In this work a novel computational multi-reference poly-conformational algorithm is presented for design, optimization, and repositioning of pharmaceutical compounds. The algorithm searches for candidates by comparing similarities between conformers of the same compound and identifies target compounds whose conformers are simultaneously “close” to the conformers for each of the compounds in a reference set. The reference compounds can have very different MoAs, which directly and simultaneously shapes the properties of the target candidate compounds.

The algorithm functionality has been validated in silico by scoring ChEMBL drugs against FDA-approved reference compounds which either had the highest predicted binding affinity to our chosen SARS-COV-2 targets or confirmed to be inhibiting such targets in-vivo. All our top scoring ChEMBL compounds also turned out to be either high-affinity ligands to the chosen targets (as confirmed separately in other studies) or showing significant efficacy in-vivo against those selected targets.

search for new compounds within two virtual libraries from the Enamine database. The library's virtual compounds have been compared to the same set of reference drugs that we used for validation: Olaparib, Tadalafil, Ergotamine and Remdesivir. The large reference set of four potential SARS-COV-2 compounds have been selected, since no drug has been identified to be 100% effective against the virus so far, possibly because each candidate drug was targeting only one particular MoA. The goal here was to introduce methodology for identifying potential candidate(s) that cover multiple MoA-s presented within a set of reference compounds.

Keywords

conformers, multi-reference, poly-conformational, in silico, ligand-based, structure-based, SARS-COV-2, COVID-19, fingerprints, cheminformatics, similarity, virtual library, computational framework, validation.

Introduction

Conformers as independent molecular entities. In real life, most compound molecules exist in multiple conformations (shapes) based on the surrounding environmental conditions. In particular, each 3D shape of a molecule dictates its biological activity and enables the molecule to fit into the binding pockets of proteins. Often, distinctly different chemical compounds that have similar shapes (and similar charge distributions along the molecular surface) have a potential to bind as long as the ligand's partial charges are positioned in the binding pocket the same way (i.e., form the same hydrogen bonds). Therefore, it is beneficial to compare the shapes and surface distribution charges for target query and reference compounds on a conformer-by-conformer basis. If one of the conformers of the query molecule matches one of the conformers (especially bound-to-target) of the reference molecule, then there is a chance that the reference compound will also exhibit similar binding properties to the same target.
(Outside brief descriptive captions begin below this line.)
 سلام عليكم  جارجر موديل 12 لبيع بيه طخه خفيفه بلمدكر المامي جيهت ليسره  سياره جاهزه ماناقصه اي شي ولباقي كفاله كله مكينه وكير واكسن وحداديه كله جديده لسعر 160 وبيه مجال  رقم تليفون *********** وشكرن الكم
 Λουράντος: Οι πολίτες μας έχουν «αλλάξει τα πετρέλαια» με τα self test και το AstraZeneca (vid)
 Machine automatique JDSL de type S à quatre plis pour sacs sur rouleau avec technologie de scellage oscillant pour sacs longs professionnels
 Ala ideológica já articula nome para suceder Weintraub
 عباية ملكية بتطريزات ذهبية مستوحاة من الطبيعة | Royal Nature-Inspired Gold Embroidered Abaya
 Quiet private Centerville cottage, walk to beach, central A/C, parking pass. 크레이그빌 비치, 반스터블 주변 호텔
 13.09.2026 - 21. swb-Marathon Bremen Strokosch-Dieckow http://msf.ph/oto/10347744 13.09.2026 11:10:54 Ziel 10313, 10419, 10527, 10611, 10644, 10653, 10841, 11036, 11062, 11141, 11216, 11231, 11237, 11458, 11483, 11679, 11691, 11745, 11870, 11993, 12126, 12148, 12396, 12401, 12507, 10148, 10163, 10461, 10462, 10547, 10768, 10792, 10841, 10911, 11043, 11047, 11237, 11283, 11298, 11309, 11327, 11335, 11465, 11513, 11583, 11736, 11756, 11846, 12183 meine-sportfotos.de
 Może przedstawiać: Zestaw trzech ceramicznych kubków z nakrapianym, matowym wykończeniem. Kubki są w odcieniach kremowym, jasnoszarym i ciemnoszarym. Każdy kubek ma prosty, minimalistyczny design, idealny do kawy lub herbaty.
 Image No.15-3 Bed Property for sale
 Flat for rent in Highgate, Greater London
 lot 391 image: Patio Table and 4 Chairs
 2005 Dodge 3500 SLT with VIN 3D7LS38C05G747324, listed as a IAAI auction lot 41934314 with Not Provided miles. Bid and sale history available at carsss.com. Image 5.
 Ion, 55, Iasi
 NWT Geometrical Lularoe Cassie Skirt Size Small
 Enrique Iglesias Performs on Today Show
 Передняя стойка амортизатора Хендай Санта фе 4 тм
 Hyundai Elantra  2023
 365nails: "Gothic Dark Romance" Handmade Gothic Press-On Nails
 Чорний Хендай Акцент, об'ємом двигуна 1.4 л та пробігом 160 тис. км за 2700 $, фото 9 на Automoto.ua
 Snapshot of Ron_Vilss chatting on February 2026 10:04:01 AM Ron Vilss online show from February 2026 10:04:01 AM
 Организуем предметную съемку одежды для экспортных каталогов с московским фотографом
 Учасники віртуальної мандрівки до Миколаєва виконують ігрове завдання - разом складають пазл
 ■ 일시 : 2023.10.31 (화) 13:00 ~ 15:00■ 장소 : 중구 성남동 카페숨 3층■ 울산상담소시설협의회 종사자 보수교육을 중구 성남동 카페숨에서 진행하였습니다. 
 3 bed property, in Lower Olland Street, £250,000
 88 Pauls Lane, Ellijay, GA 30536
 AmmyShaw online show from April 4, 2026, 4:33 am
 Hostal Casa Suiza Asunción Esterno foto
Alignment-free 3D-similarity scoring. OpenEye Scientific Software Inc. pioneered an algorithm and the corresponding tool ROCS13 for comparing shapes of molecules by overlaying and measuring their molecular structures in silico and comparing differences between a query and target molecule. ROCS identifies potentially active compounds by comparing their shapes. Moreover, the ROCS tool is competitive and often superior to structure-based approaches in virtual screening14,15 both in terms of overall performance and consistency16. As a result, novel molecular scaffolds have been identified by using ROCS against various targets which have been considered very difficult to address computationally17.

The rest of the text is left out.